Problem statement:
Images excluded, return every record exactly as it reads.

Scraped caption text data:
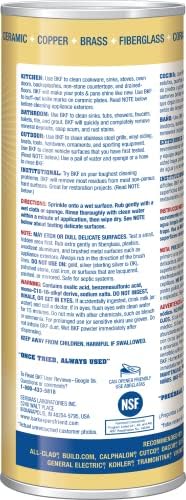 Bar Keepers Friend Powder Cleanser 21 oz - Multipurpose Cleaner for Kitchen Bathroom More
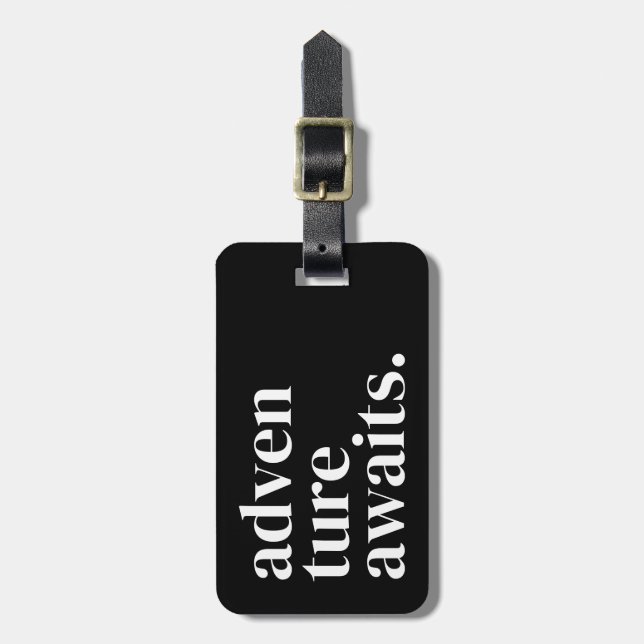 Etiqueta de Bagagem Preta Personalizada Moderna (Frente Vertical)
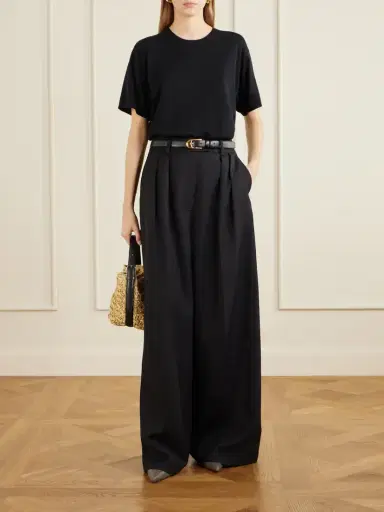 Anine Bing Lou Pleated Woven Wide-leg Pants | Thumbnail 2 Anine Bing Lou Pleated Woven Wide-leg Pants | Thumbnail 2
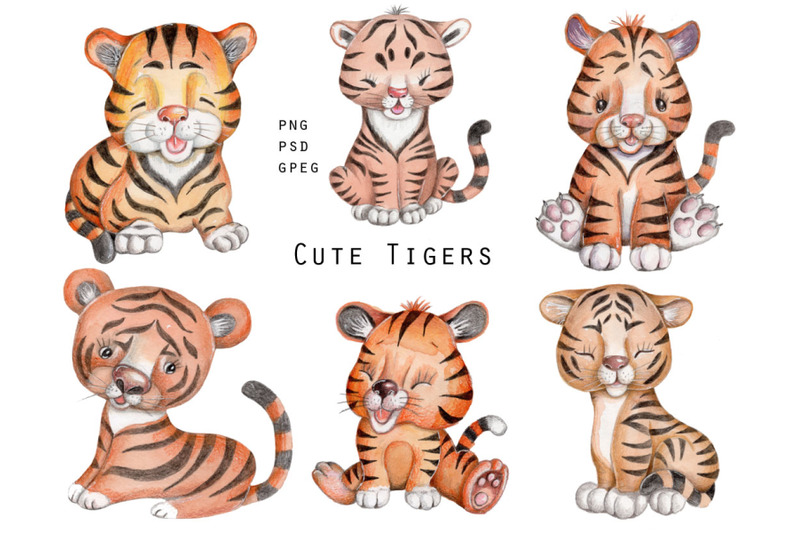 watercolor-cute-tigers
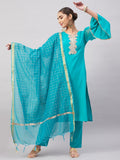 InWeave Women's Aqua Organza Sleeve Kurta Set With Teal Gold Check Dupatta | Grocsy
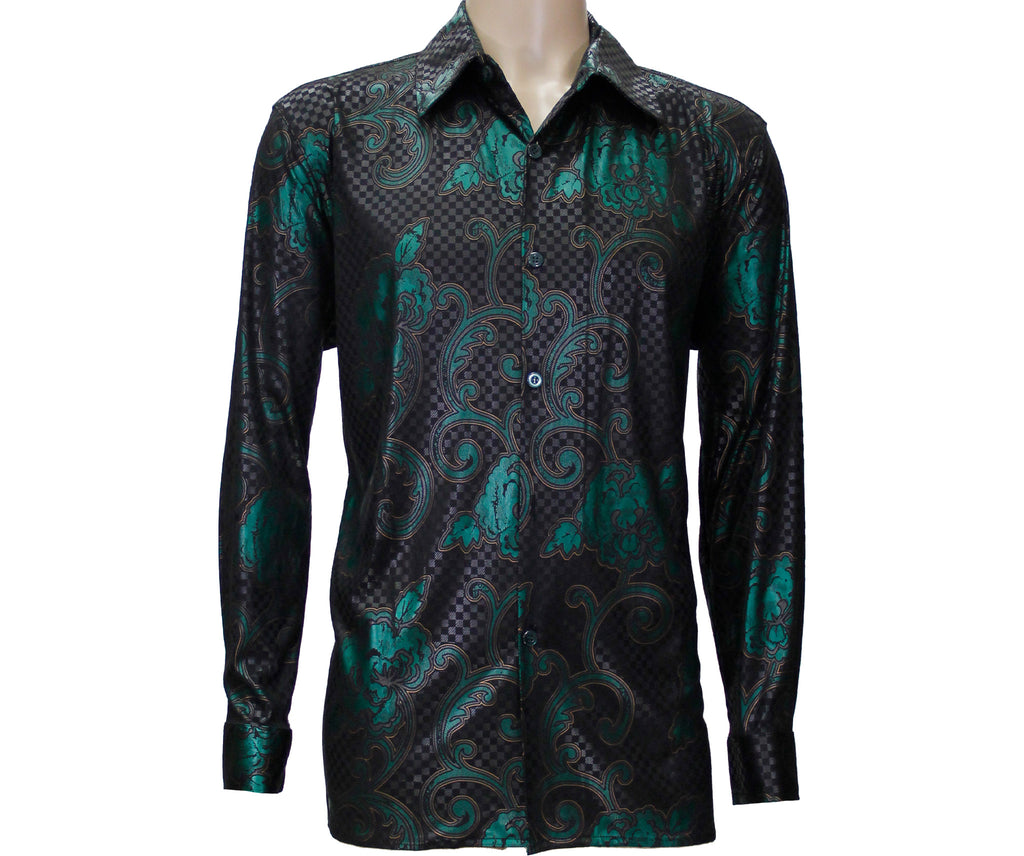 Teal Paisley Long Sleeve Button Down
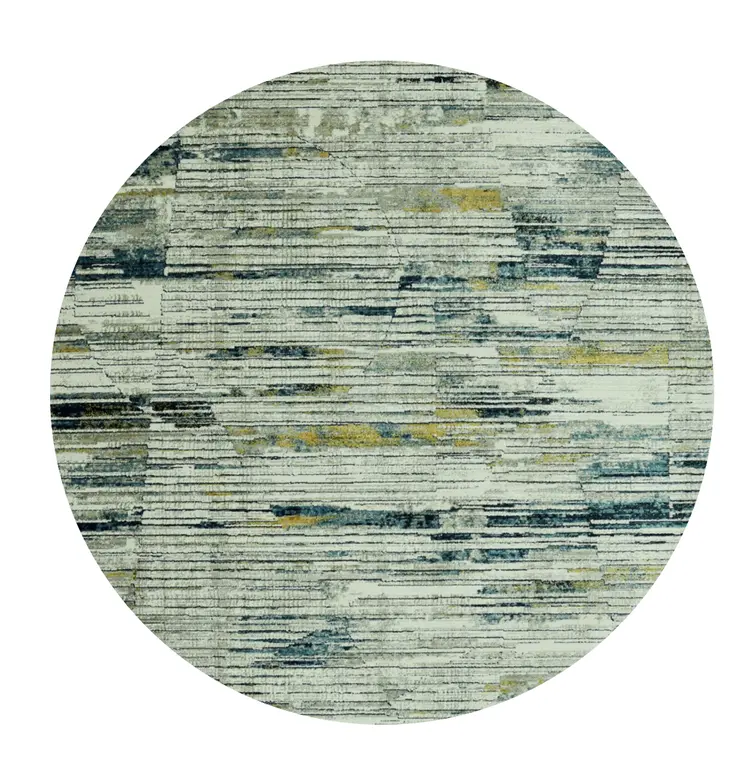 8' Ivory And Blue Abstract Round Rug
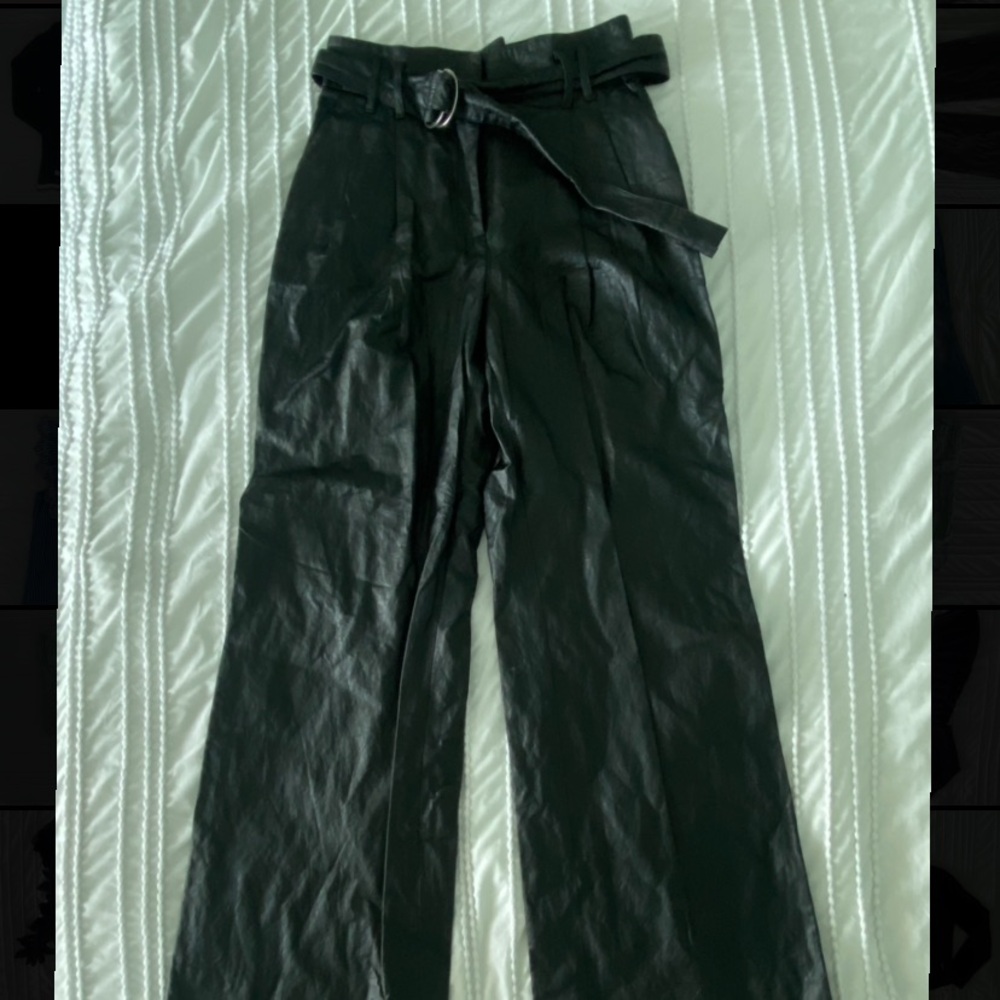 Black Faux Leather Belted Pants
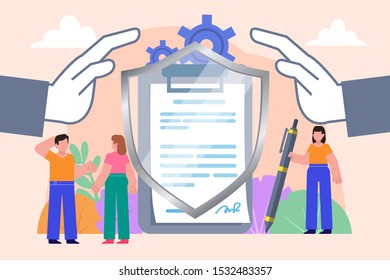Guarantee of protection of rights, conditions of agreement. People stand near big document covered with shield. Poster for social media, web page, banner, presentation. Flat design vector illustration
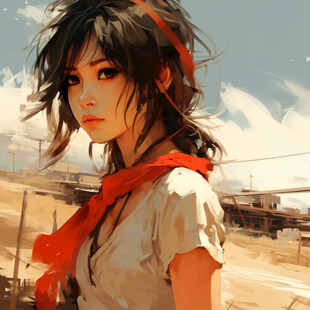 高精女孩原画稿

Solution:
 Bar Keepers Friend Powder Cleanser 21 oz - Multipurpose Cleaner for Kitchen Bathroom More
 Etiqueta de Bagagem Preta Personalizada Moderna (Frente Vertical)
 Anine Bing Lou Pleated Woven Wide-leg Pants | Thumbnail 2 Anine Bing Lou Pleated Woven Wide-leg Pants | Thumbnail 2
 watercolor-cute-tigers
 InWeave Women's Aqua Organza Sleeve Kurta Set With Teal Gold Check Dupatta | Grocsy
 Teal Paisley Long Sleeve Button Down
 8' Ivory And Blue Abstract Round Rug
 Black Faux Leather Belted Pants
Guarantee of protection of rights, conditions of agreement. People stand near big document covered with shield. Poster for social media, web page, banner, presentation. Flat design vector illustration
 高精女孩原画稿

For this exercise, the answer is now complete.